Nowadays, they won't even let you into the science fair unless your research into Calvin-Benson cycle catalysts for artificial photosynthesis is drawing venture-capital offers from private-equity firms.

Same for history: They just keep making more of it. For the WWII generation, the Great Depression wasn't history, it was current events. They didn't have to learn about the civil-rights movement or Vietnam or Watergate or Reaganomics because none of that had happened yet. Today's pupils not only have to learn all that more recent history, they will soon be learning the history of 9/11, the Iraq War, and the Obama administration. And the cohort after that? Good luck to them, because they're going to need it.

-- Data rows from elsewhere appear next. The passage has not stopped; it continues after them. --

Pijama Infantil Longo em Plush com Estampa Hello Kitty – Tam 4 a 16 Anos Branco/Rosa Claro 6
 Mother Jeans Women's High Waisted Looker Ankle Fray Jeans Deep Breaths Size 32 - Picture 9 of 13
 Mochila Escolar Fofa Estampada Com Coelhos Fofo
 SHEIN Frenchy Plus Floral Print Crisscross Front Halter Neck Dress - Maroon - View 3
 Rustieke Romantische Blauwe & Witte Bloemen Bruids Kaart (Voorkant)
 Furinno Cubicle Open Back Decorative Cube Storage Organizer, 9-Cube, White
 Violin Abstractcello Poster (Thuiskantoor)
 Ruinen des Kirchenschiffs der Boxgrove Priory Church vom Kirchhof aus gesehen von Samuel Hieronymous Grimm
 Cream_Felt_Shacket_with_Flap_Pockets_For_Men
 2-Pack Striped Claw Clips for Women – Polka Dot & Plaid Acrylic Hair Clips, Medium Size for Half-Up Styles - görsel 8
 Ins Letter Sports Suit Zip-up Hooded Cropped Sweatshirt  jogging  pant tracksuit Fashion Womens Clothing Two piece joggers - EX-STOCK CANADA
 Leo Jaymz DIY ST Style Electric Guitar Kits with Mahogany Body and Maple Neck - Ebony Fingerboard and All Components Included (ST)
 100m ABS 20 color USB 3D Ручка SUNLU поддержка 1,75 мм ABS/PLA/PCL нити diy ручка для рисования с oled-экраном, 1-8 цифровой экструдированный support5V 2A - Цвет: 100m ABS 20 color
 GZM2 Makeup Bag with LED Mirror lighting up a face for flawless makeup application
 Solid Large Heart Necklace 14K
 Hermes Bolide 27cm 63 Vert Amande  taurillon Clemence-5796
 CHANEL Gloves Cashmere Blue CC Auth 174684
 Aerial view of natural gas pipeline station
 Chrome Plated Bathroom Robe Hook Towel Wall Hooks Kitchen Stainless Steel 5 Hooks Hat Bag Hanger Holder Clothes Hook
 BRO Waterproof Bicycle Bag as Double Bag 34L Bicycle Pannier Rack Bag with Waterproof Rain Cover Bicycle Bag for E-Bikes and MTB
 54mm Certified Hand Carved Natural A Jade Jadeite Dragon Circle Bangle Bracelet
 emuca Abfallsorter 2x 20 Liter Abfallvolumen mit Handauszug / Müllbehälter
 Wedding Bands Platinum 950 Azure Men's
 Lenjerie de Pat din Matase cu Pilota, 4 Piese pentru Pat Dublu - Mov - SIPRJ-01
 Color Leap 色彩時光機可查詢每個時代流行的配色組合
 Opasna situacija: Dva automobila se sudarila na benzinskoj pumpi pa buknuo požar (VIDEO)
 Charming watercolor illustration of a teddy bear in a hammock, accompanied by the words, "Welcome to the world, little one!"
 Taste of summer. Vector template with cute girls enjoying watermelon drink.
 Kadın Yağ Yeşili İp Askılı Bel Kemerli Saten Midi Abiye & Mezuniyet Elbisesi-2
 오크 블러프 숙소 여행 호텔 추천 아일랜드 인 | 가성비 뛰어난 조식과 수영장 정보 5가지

Ditto English. Great writers from Clive Cussler to Danielle Steele keep cranking out new masterpieces. Every year the major dictionary publishers add new words (retweet, tinfoil hat, cryonaut) and eliminate obsolete ones (aerodrome, cassette tape, literacy). Even the rules of grammar keep changing, as The Onion reported a while back: "The U.S. Grammar Guild Monday announced that no more will traditional grammar rules English follow. Instead there will a new form of organizing sentences be."

By contrast, math is the one area of study where people don't keep making more of it. Once mathematicians proved there are transfinite numbers—numbers bigger than infinity—there was really nowhere else to go. Nothing left for math to do but sit back and rest on its laurels. If anything, math is moving in the opposite direction from other academic disciplines: The best mathematicians are busy solving old puzzlers, like Fermat's last theorem. Know what that means? It means math is getting easier over time, not harder.

Don't believe it? Just look at the most recent NAEP test scores. Reading scores are down. Math scores are up. Case closed!